Coincidem, assim, as posições de Mandeville e Ribeiro Sanches, ambos defendendo a supressão das escolas populares. Ambos consideravam que, para os pobres laboriosos, a única instrução necessária e suficiente era aquela ministrada pelos párocos nos sermões dominicais. Com certeza está aí a inspiração para o entendimento contido na Lei de 6 de novembro de 1772, baseado na proposta enviada ao rei D. José I pela Real Mesa Censória (criada por Alvará de 5 Abril de 1768, com o objetivo de transferir, na totalidade, para o Estado a fiscalização das obras que se pretendessem publicar ou divulgar no reino de Portugal, o que até então estava a cargo do Tribunal do Santo Ofício, do Desembargo do Paço e do Ordinário): para os "empregados nos serviços rústicos e nas Artes Fabris, que ministram sustento dos Povos e constituem os braços e mãos do Corpo Político", bastariam "as Instruções dos Párocos".

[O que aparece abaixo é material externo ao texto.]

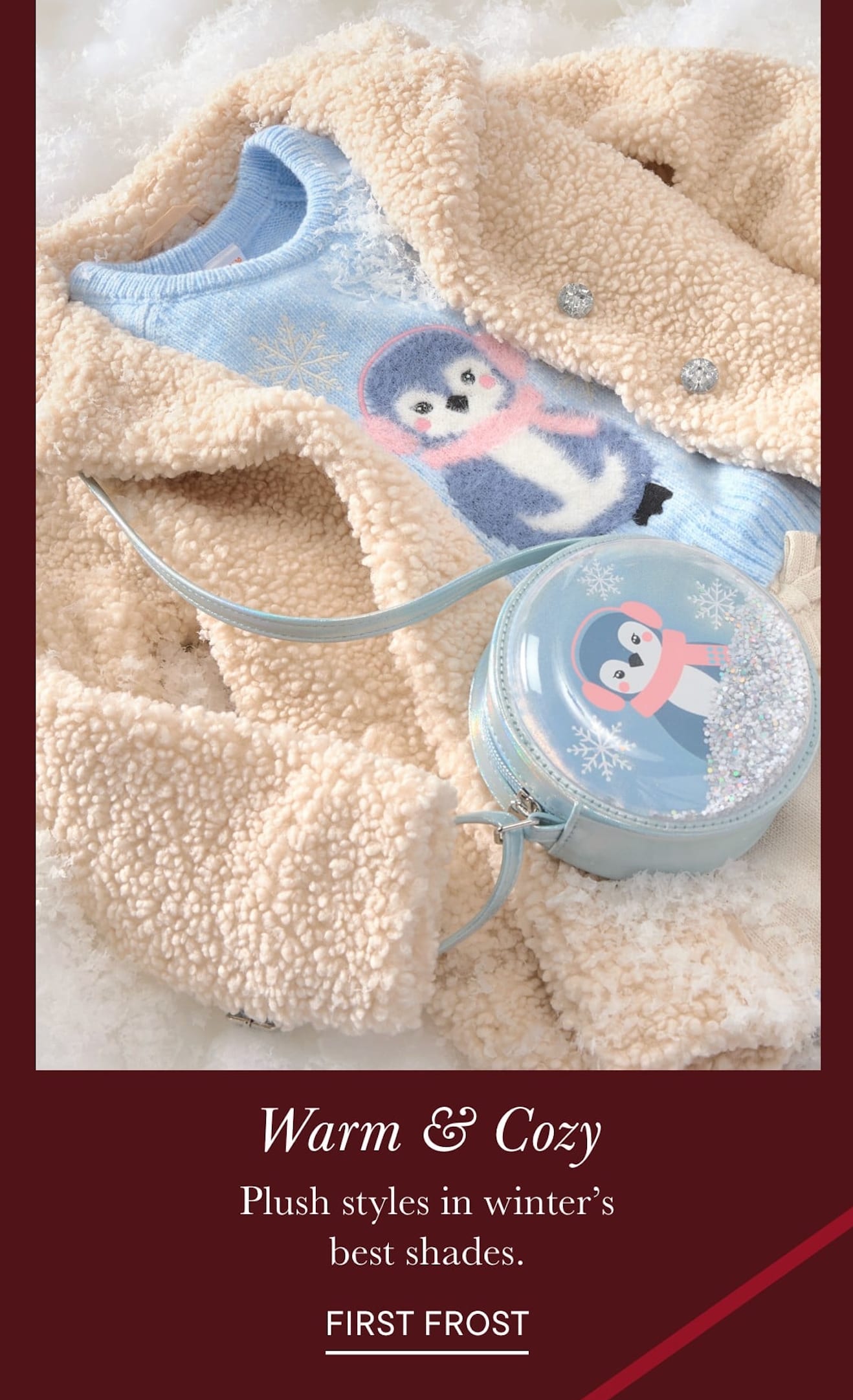 The image depicts a cozy and warm winter scene, with a plush, beige-colored blanket or throw in the foreground, adorned with a playful, cartoon-like penguin design. In the background, a circular container or dish can be seen, suggesting a winter-themed product or accessory.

A análise desses dois autores, ao mudar o foco da ideologia política e da pedagogia para a economia política, possibilita não apenas acrescentar uma nova luz ao entendimento do modo como a sociedade em geral e, especificamente, a sociedade burguesa encara o problema educativo. Essa mudança de foco permite-nos passar das interpretações tendencialmente idealizadoras e, até mesmo, ufanistas para uma visão bem mais realista do significado atribuído pelos porta-vozes da ordem burguesa à questão escolar. Por esse caminho compreendemos melhor as contradições entre o projeto civilizatório burguês e as lições do capital.
Referência:
LINS, Ana Maria Moura. Educação moderna: contradições entre o projeto civilizatório burguês e as lições do capital. Campinas: Autores Associados, 2003.